Bugün Pazar... Nazım yaşıyor

Abdullah Gürgün

Abdullah Gürgün

4. Kuvvet

"Eğer; hak haksızlıktan yüce, sevgi nefretten üstün, aydınlık karanlıktan güçlüyse. Çaresi yok usta, biz kazanacağız!"
Nazım Hikmet Ran

15 Ocak 1902 Nazım Hikmet'in doğum günü...

En büyük Türk şairi Nazım Hikmet... Türk Edebiyatı'nın en ünlü şairi Nazım Hikmet... Türkçenin en usta şairi Nazım Hikmet... Türkiye'nin en tanınmış şairi Nazım Hikmet...

Bugün Pazar... Nazım yaşıyor - Resim : 1

Bugün 15 Ocak 2023 PAZAR... 121 yaşında yüreklerimizde yaşıyor Nazım Hikmet...

1938’de bir PAZAR günü Ankara Merkez Komutanlığı Cezaevi'nden yazıyor hüzünlü:

BUGÜN PAZAR

Bugün beni ilk defa güneşe çıkardılar.
Ve ben ömrümde ilk defa gökyüzünün
bu kadar benden uzak
bu kadar mavi
bu kadar geniş olduğuna şaşarak
kımıldamadan durdum.
Sonra saygıyla toprağa oturdum,
dayadım sırtımı duvara.
Bu anda ne düşmek dalgalara,
bu anda ne kavga, ne hürriyet, ne karım.
Toprak, güneş ve ben...
Bahtiyarım...

Cezaevlerinde ve gurbet ellerinde mücadelelerle ve şiirlerle yaşanan ve insanlığa adanan devrimci bir ömür...

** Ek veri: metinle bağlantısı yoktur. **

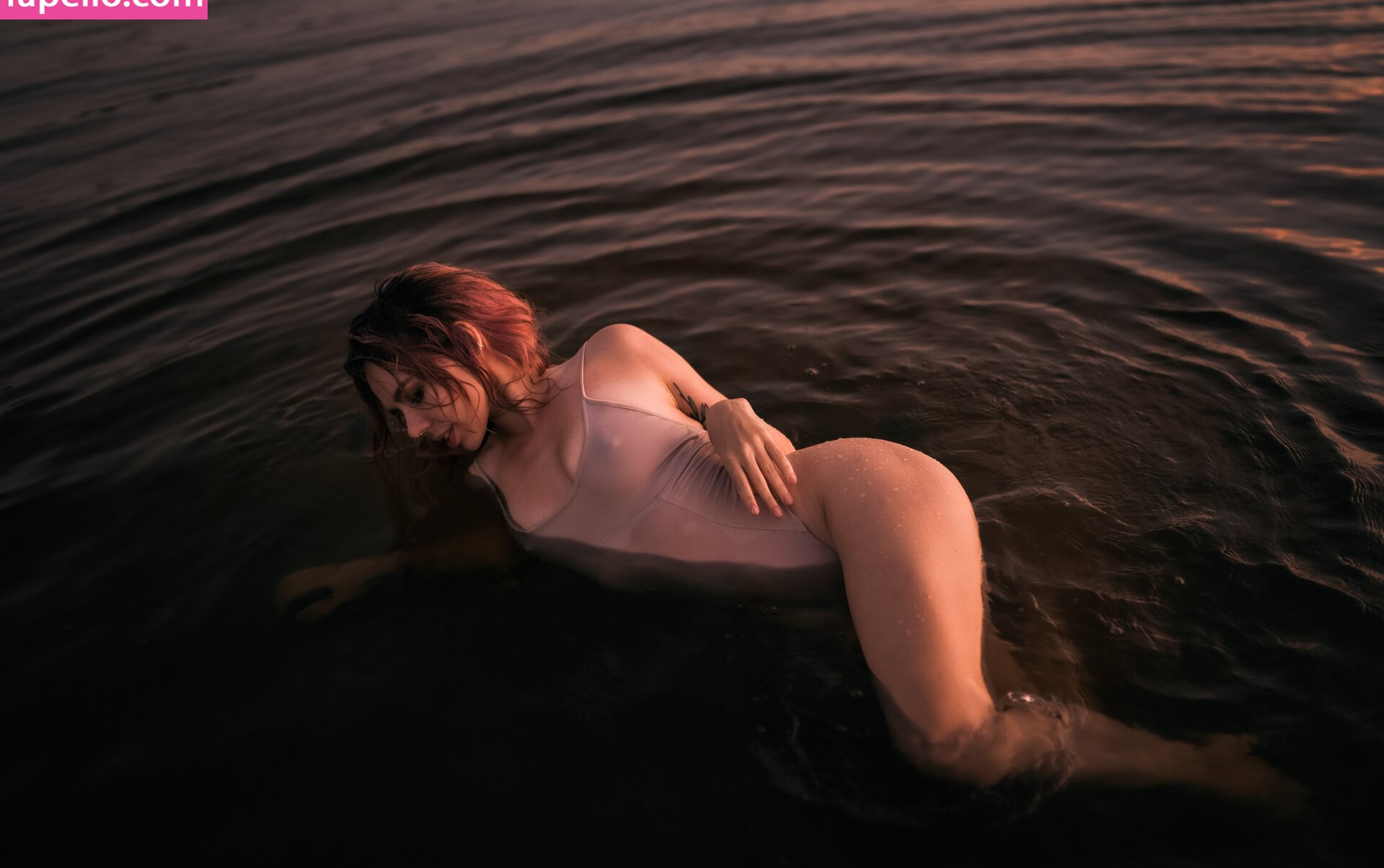 misscoookiez gallery photo #314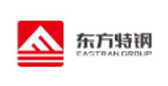 东方特钢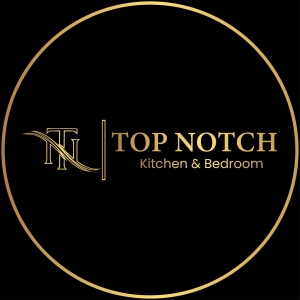 Bedroom Wardrobes Designer In London | Top Notch Kitchen and Bedrooms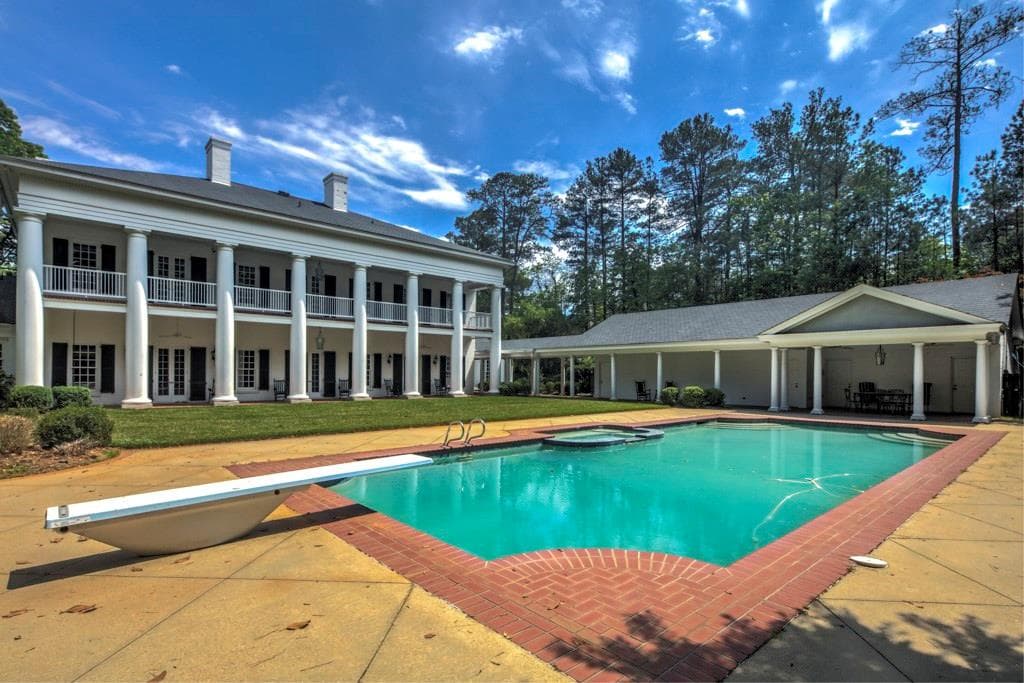 7380 Wildercliff Drive, Sandy Springs, GA 30328 — most recent listing photo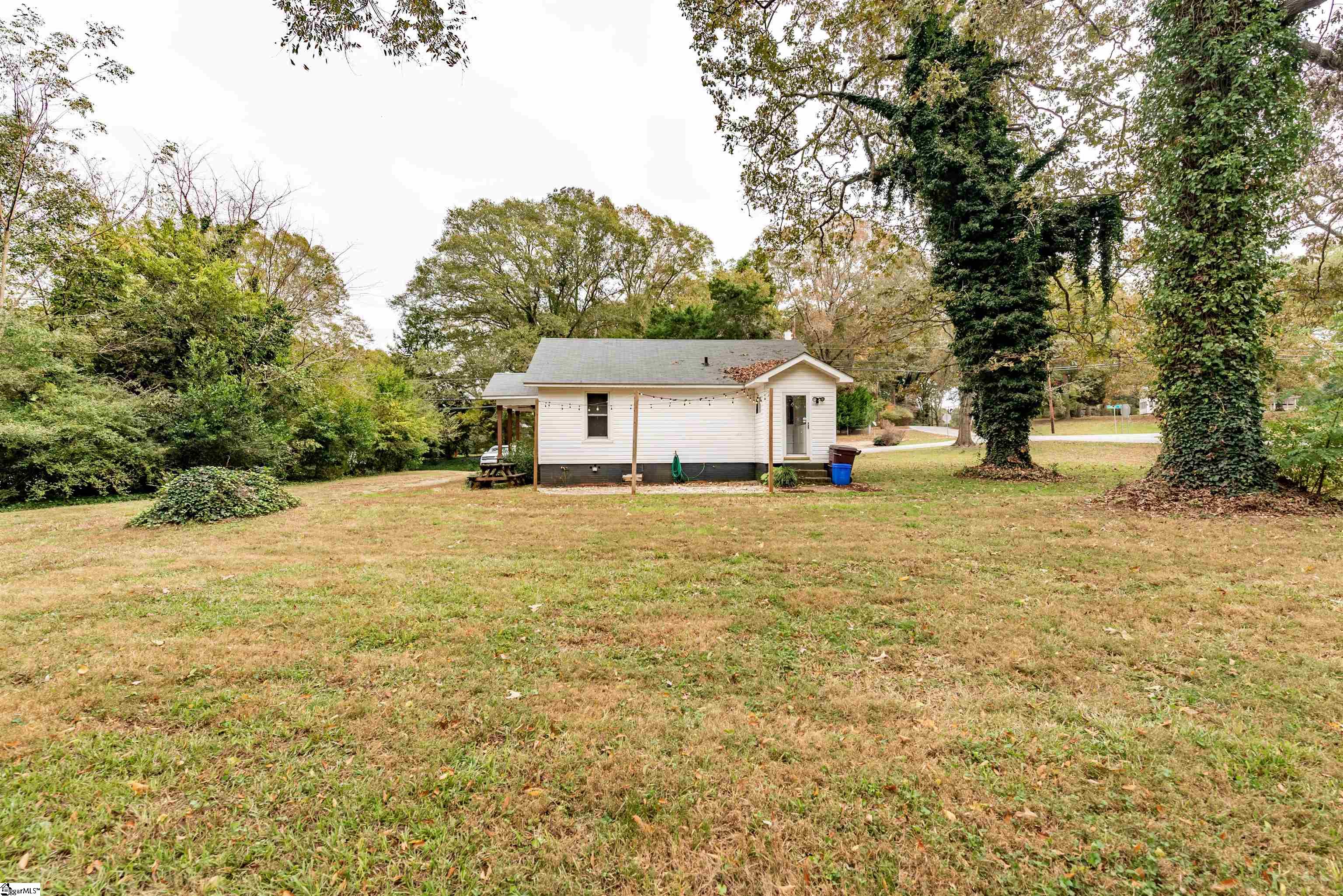 116 Lebanon Road Pendleton, SC 29670 - Photo 5 of 12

FEVKALADE MEMNUNUM DÜNYAYA GELDİĞİME

Fevkalade memnunum dünyaya geldiğime,

toprağını, aydınlığını, kavgasını ve ekmeğini seviyorum.

Kutrunun ölçüsünü santimine kadar bilmeme rağmen

ve meçhulüm değilken güneşin yanında oyuncaklığı

dünya, inanılmayacak kadar büyüktür benim için.

Dünyayı dolaşmak,

görmediğim balıkları, yemişleri, yıldızları görmek isterdim.

Halbuki ben

yalnız yazılarda ve resimlerde yaptım Avrupa yolculuğumu.

Mavi pulu Asya’da damgalanmış

bir tek mektup bile almadım.

Ben ve bizim mahalle bakkalı

ikimiz de kuvvetle meçhulüz Amerika’da.

Fakat ne zarar,

Çin’den İspanya’ya, Ümit Burnu’ndan Alaska’ya kadar

her mili bahride, her kilometrede dostum ve düşmanım var.

Dostlar ki bir kerre bile selamlaşmadık

aynı ekmek, aynı hürriyet, aynı hasret için ölebiliriz.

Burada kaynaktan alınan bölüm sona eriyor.